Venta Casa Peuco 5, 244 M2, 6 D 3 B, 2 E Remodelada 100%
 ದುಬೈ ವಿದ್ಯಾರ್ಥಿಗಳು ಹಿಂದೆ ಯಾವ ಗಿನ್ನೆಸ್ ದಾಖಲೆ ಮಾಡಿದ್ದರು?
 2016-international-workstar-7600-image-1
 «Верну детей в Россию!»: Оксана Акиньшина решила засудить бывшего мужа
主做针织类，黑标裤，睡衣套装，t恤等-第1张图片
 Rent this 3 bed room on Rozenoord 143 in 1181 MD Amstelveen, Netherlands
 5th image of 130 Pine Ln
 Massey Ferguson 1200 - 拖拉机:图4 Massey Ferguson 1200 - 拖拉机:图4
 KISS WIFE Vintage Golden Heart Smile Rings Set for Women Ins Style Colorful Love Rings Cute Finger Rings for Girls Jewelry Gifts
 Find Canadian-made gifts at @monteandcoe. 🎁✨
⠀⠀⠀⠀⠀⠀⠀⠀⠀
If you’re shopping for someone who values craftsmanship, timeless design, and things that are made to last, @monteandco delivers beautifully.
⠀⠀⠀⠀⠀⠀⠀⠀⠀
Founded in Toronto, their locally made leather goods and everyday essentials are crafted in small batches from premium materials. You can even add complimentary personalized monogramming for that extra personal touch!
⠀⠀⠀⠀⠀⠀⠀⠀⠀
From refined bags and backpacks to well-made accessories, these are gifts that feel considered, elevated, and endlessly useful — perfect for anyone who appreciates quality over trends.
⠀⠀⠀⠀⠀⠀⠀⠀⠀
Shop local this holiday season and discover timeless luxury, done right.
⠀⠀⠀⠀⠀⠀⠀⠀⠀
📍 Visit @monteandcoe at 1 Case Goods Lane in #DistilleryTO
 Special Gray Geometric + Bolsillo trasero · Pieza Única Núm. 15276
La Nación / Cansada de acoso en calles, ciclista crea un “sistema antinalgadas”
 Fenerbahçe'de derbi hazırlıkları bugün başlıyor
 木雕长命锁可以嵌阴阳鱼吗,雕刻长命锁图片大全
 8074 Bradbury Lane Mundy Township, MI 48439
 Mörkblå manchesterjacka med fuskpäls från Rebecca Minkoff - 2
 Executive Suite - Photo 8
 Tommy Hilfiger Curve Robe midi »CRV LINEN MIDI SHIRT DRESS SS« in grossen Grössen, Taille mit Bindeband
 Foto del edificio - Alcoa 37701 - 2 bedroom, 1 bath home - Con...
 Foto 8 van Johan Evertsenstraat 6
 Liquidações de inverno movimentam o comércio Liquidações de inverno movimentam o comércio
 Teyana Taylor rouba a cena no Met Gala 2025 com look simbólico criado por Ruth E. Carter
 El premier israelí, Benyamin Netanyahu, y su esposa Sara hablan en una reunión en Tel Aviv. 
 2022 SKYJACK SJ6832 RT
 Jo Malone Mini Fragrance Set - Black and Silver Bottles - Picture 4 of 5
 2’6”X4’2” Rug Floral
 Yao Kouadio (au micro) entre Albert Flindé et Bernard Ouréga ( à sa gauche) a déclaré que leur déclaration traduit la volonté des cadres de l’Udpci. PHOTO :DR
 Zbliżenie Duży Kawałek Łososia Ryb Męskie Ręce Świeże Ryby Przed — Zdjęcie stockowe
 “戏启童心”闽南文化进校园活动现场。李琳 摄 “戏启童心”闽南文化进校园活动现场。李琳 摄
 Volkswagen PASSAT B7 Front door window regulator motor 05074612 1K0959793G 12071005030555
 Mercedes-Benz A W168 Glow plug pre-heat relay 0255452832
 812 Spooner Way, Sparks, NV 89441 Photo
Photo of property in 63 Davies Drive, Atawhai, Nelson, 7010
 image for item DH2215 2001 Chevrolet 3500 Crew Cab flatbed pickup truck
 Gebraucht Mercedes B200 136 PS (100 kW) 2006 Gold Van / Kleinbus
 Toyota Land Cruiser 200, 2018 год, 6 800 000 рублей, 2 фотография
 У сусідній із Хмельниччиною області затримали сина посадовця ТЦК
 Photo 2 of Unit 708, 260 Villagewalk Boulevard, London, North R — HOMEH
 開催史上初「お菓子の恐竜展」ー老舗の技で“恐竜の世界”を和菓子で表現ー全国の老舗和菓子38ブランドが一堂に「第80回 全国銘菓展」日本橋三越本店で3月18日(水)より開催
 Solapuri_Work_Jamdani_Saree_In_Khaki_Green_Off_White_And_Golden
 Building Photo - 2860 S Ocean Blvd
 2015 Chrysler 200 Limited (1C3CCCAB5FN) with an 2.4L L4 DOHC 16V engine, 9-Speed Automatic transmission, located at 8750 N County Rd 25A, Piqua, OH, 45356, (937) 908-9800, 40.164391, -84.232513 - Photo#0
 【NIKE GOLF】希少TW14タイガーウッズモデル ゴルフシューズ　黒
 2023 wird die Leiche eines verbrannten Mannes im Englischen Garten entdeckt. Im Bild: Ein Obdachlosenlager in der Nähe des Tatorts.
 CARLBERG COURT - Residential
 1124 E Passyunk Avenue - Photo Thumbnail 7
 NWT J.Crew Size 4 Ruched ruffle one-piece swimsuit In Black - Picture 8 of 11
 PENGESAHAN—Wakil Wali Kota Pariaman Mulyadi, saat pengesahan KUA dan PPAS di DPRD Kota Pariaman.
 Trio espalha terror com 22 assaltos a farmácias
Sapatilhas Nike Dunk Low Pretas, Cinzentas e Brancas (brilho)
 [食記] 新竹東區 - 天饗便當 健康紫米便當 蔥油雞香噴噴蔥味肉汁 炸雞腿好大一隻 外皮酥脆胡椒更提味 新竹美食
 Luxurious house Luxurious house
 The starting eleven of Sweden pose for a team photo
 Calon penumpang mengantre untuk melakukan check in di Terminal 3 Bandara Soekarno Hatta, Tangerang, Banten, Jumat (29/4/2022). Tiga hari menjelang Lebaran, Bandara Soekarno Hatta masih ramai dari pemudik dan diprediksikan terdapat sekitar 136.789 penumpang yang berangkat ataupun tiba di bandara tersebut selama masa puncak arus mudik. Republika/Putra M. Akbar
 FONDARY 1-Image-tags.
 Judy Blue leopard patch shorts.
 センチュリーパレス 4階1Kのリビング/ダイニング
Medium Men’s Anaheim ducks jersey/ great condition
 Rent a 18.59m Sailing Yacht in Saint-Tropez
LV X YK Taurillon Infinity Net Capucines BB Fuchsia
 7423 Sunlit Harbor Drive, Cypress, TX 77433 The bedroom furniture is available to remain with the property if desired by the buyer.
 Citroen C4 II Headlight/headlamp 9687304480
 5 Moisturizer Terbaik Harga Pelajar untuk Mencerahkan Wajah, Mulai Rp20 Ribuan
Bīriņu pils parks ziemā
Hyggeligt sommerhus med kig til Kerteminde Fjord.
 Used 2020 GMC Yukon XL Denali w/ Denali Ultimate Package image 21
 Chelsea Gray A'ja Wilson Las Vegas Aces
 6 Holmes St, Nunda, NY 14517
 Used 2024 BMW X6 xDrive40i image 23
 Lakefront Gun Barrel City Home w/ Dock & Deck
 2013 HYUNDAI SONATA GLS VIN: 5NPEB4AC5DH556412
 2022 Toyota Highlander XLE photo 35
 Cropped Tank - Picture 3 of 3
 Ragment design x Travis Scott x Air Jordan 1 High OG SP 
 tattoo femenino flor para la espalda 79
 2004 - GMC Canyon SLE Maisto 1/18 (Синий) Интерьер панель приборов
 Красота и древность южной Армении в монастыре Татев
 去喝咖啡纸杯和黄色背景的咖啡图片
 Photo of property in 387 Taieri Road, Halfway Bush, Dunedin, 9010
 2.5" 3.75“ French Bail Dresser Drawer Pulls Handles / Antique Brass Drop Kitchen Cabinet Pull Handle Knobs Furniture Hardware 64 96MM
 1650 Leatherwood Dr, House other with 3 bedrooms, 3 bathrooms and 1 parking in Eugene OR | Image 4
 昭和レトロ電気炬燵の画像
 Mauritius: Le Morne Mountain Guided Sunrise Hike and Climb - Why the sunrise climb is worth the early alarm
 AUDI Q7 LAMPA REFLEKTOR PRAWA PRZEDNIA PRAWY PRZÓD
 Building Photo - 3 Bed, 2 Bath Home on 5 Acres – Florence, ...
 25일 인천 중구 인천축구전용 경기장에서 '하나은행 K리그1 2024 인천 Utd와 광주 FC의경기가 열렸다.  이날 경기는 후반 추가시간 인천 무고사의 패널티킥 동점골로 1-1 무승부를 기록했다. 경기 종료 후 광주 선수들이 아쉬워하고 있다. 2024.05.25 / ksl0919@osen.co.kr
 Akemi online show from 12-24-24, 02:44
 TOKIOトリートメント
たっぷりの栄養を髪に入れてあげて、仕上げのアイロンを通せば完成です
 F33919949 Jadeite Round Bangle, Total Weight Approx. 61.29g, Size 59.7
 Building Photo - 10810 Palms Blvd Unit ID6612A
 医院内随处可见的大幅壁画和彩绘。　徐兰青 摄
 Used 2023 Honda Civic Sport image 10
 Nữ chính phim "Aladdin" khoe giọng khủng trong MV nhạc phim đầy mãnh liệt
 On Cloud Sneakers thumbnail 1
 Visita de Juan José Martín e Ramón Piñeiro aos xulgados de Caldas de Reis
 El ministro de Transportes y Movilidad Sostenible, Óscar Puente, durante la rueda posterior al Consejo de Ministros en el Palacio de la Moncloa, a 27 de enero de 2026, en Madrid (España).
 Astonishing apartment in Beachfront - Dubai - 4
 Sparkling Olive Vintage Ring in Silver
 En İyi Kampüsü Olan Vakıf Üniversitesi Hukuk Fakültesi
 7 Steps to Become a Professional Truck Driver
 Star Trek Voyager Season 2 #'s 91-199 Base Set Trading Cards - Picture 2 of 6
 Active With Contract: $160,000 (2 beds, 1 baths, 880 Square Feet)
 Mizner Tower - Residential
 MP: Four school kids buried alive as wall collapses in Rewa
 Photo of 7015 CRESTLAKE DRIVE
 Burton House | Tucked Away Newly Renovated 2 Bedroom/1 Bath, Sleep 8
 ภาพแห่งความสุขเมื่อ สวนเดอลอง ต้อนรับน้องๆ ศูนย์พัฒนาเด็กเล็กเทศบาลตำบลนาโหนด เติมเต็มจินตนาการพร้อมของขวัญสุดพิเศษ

□ □ □ □ □ □ □

Go back to the listing above. Copy word for word the lines from the one with "Nữ chính phim" through the one with "Burton House |", and nothing more.

» **Response to this exercise**:
 Nữ chính phim "Aladdin" khoe giọng khủng trong MV nhạc phim đầy mãnh liệt
 On Cloud Sneakers thumbnail 1
 Visita de Juan José Martín e Ramón Piñeiro aos xulgados de Caldas de Reis
 El ministro de Transportes y Movilidad Sostenible, Óscar Puente, durante la rueda posterior al Consejo de Ministros en el Palacio de la Moncloa, a 27 de enero de 2026, en Madrid (España).
 Astonishing apartment in Beachfront - Dubai - 4
 Sparkling Olive Vintage Ring in Silver
 En İyi Kampüsü Olan Vakıf Üniversitesi Hukuk Fakültesi
 7 Steps to Become a Professional Truck Driver
 Star Trek Voyager Season 2 #'s 91-199 Base Set Trading Cards - Picture 2 of 6
 Active With Contract: $160,000 (2 beds, 1 baths, 880 Square Feet)
 Mizner Tower - Residential
 MP: Four school kids buried alive as wall collapses in Rewa
 Photo of 7015 CRESTLAKE DRIVE
 Burton House | Tucked Away Newly Renovated 2 Bedroom/1 Bath, Sleep 8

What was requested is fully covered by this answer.